I have added gene name and Entrez ID in my DESeq2 result. The commands I have used are:
res$hgnc_symbol <- convertIDs(gsub("\\..*","", row.names(res)), "ENSEMBL", "SYMBOL", org.Hs.eg.db)
res$entrezgene <- convertIDs(gsub("\\..*","", row.names(res)), "ENSEMBL", "ENTREZID", org.Hs.eg.db)
resOrdered <- res[order(res$pvalue),]
After, checking the object resOrdered:
head(resOrdered)
I am getting like this:
gene_id stat pvalue padj
<numeric> <numeric> <numeric>
ENSG00000280228.1 -5.9096792673878 3.42774467723773e-09 1.53944643600176e-05
ENSG00000225555.1 -5.88657749721615 3.94274922781857e-09 1.53944643600176e-05
ENSG00000234616.7 -5.77542188212913 7.67605073778235e-09 1.99807600704475e-05
ENSG00000058866.13 -4.88480635581578 1.03530552769589e-06 0.00163524543935493
ENSG00000180152.3 -4.8645382294294 1.14724332367248e-06 0.00163524543935493
ENSG00000244968.5 -4.84652440600431 1.25643137868224e-06 0.00163524543935493
hgnc_symbol entrezgene
<character> <character>
ENSG00000280228.1 NA NA
ENSG00000225555.1 NA NA
ENSG00000234616.7 JRK 8629
ENSG00000058866.13 DGKG 1608
ENSG00000180152.3 NA NA
ENSG00000244968.5 LIFR-AS1 100506495
Here, I am not getting some gene names and Entrez ID and it is showing NA.
I have aligned my data to GRCh38 (took GTF from same assembly) with STAR and count file were created using htseq-count.
What could be the reason of these. Please put your valuable suggestion how I should go forward with this?
Did you check your GTF file? Instead of using
gene_id
as identifier, you need to usegene_name
to get the desired output (gene names) when you do the counting. No mapping would be needed in that case. See an example line of annotation below.gene_id "ENSG00000223972.5" = gene_name "DDX11L1"

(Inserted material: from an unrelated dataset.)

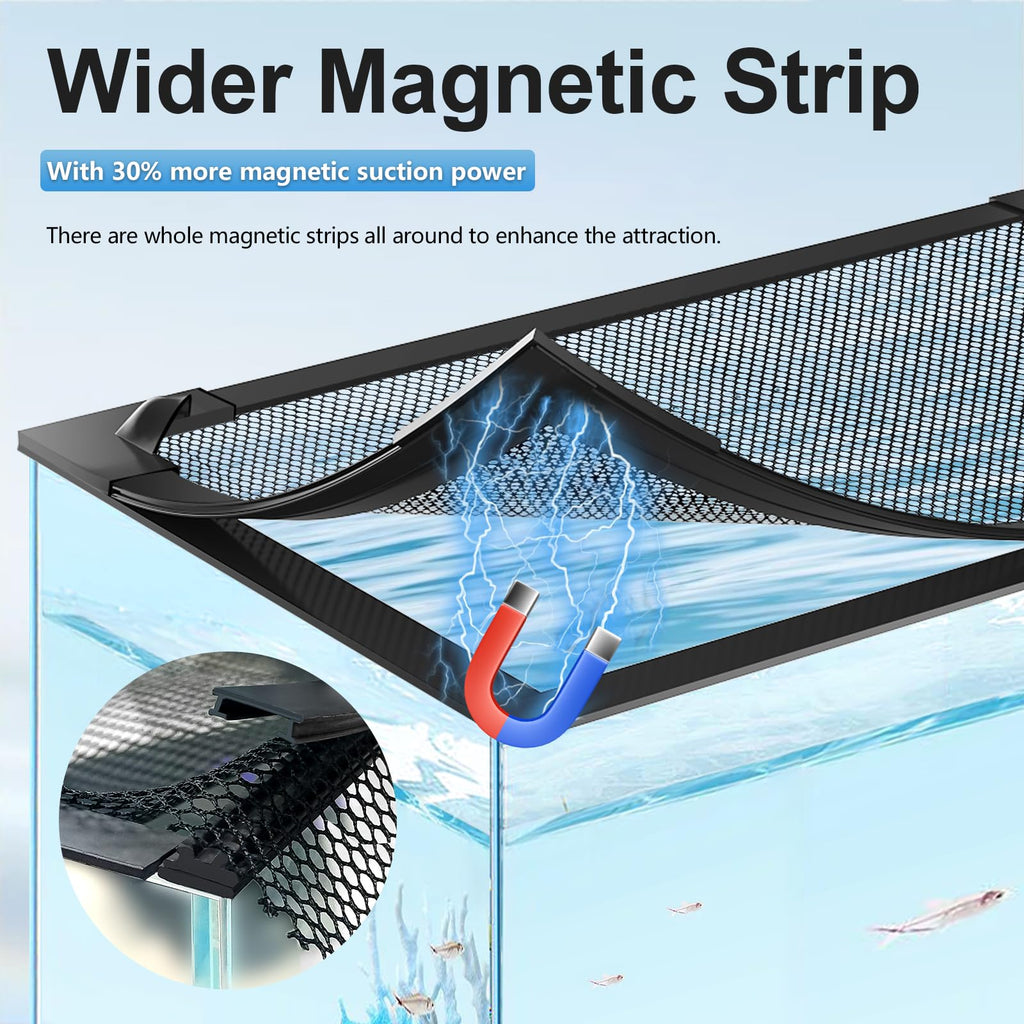 Magnetic Mesh Aquarium Cover H170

gene_id "ENSG00000280228.1"= gene_name "AC079753.1"
Thank you so much. If I'm not wrong then org.Hs.eg.db package has no record for these IDs. The gene name exist in the GTF files when I checked it manually. Yes that's a great idea. I should Use gene_name instead of id while counting with htseq.